The key characteristic of a start-up is thus dealing with uncertain situations. They don’t know whether they have developed the right product for the right market. They don’t know which marketing strategy will work. They even don’t know whether the target customer will actually buy their product. Each element of their business plan is merely a hypothesis that needs testing. This realisation formed the basis for the Lean Startup Methodology and thus also for the success stories of leading digital companies such as Google, Apple, AirBnB, Uber and Facebook.

Conversely, this does not, however, mean that it is not per se a mistake if an idea, an approach or an action does not work. It is merely the negative validation of the relevant hypothesis. Is it just an excuse to conceal one’s failure? And to what extent should value be created as a result.

Fake it till you make it

Imagine that a manufacturer wants to launch a new product onto the market. Let’s assume that the product is ultimately not marketable. In this case, it is better to test it quickly and leanly – such as on the basis of a prototype – than to invest lots of time and money in planning, developing and market launching a product that will not be successful.

The same also applies to services. In the context of an innovation project for an insurance company, we identified a range of promising ideas. We could have discussed each of these ideas to death right from the start. Perhaps the customer would like a different solution? What would the insurance terms look like in detail? How would the internal settlement be organised and might there be resistance in the organisation against the home-grown competition? These and similar questions often define the internal debate. But they are completely irrelevant if the customer doesn’t eventually jump at the particular idea. True to the saying “fake it till you make it”, you can instead use landing page tests to test the particular idea with customers before you get lost in detailed questions.

Failure as an opportunity

If you can, for example, only validate two out of eight ideas as successful, six ideas have failed. That’s a fact.  But should this failure now be assessed as negative? No – quite the reverse. Because you have saved significant amounts of resource by testing ideas quickly and cheaply.

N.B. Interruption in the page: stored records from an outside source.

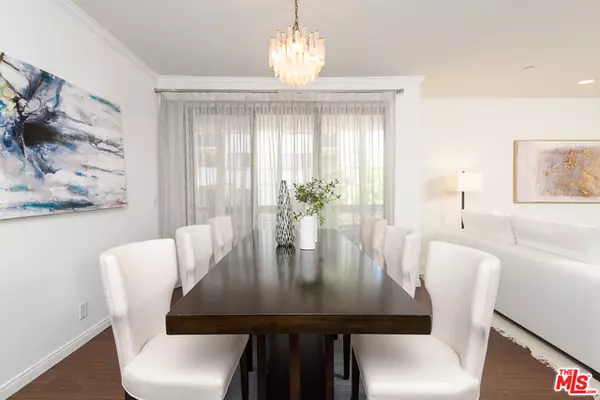 Beverly Hills, CA 90210,324 N PALM DR #207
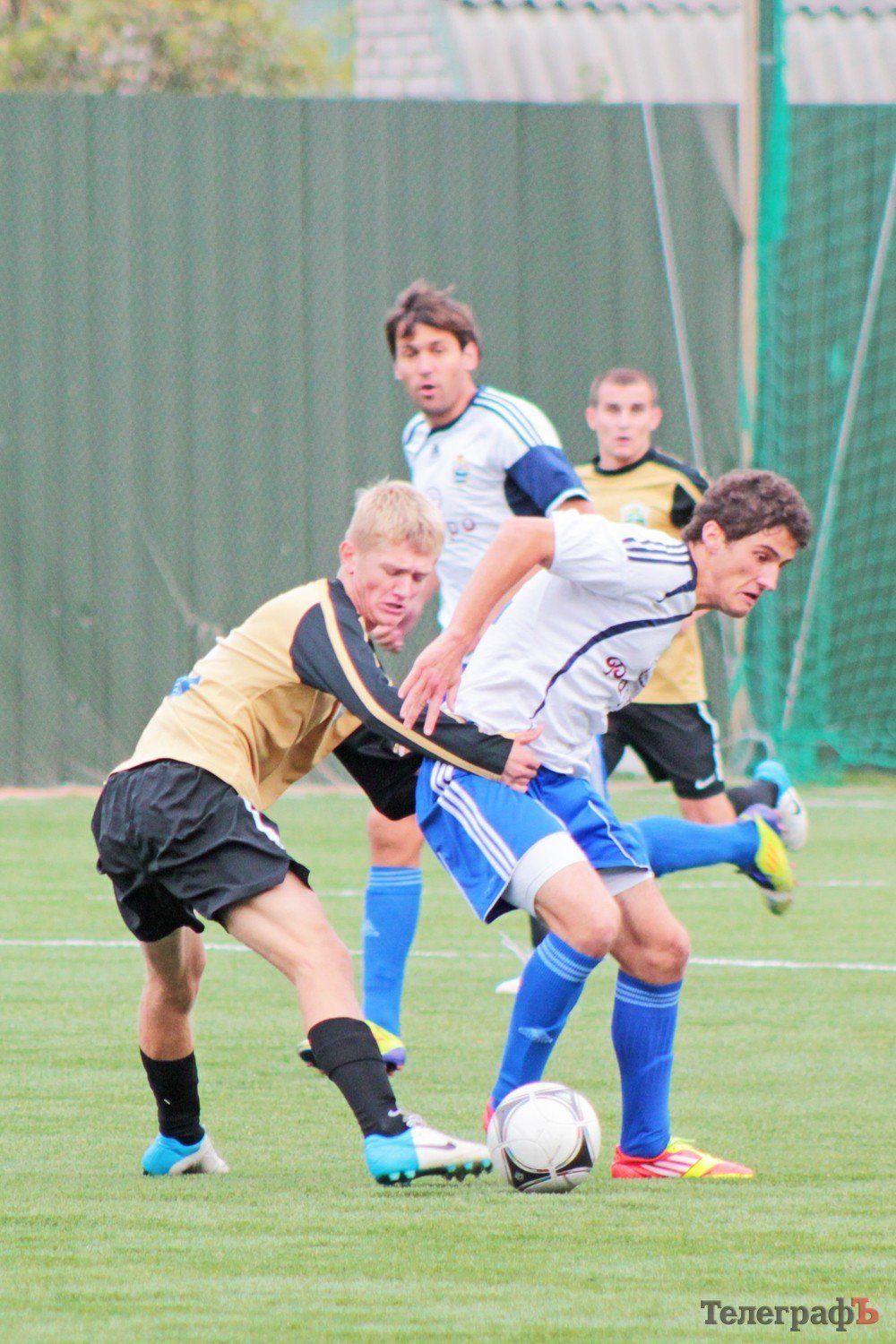 Волевая ничья «Кремня» с лидером чемпионата (ФОТО) Волевая ничья «Кремня» с лидером чемпионата (ФОТО)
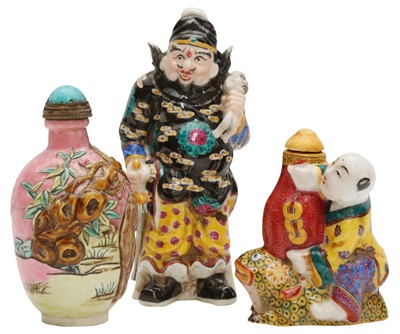 Lot 1024 - THREE CHINESE ENAMELLED SNUFF BOTTLES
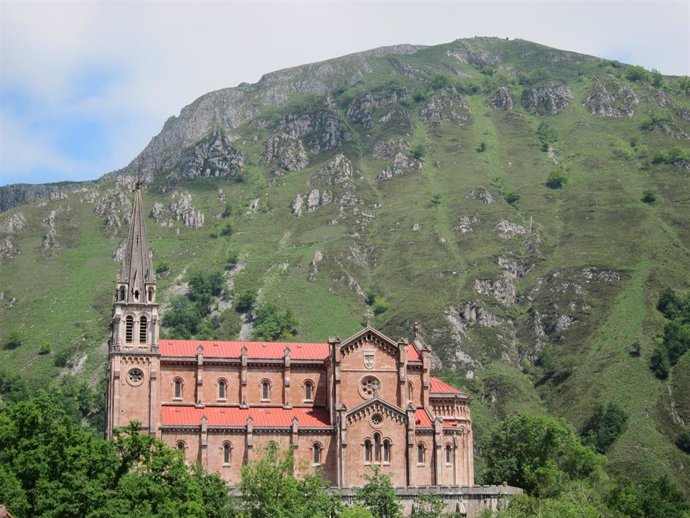 Basílica De Covadonga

And there is one further advantage of this test-based approach. By obtaining negative customer feedback, you can often narrow down the problem or solution more precisely and thus make the creative space for the eventual successful solution. This kind of learning through failure is a further fundamental building block in the Lean Startup Methodology.

The right way to fail – fail fast, fail cheap

There are two crucial insights in order to understand the value of failure.

First, it is fundamentally not about endorsing failure, but about the significant advantages of an agile and test-based approach according to the “fail fast, fail cheap” principle. Second, the incentives are still often set incorrectly in the German corporate world. Ideas and projects that have been validated negatively are further stigmatised as failures instead of encouraging opportunity-oriented thinking and actively taking entrepreneurial risks.

It is quite different in Silicon Valley. Google X, Alphabet’s innovation lab, rewards its employees for failed projects. Because otherwise nobody would be prepared to take a risk and, perhaps, make a breakthrough. A wise strategy.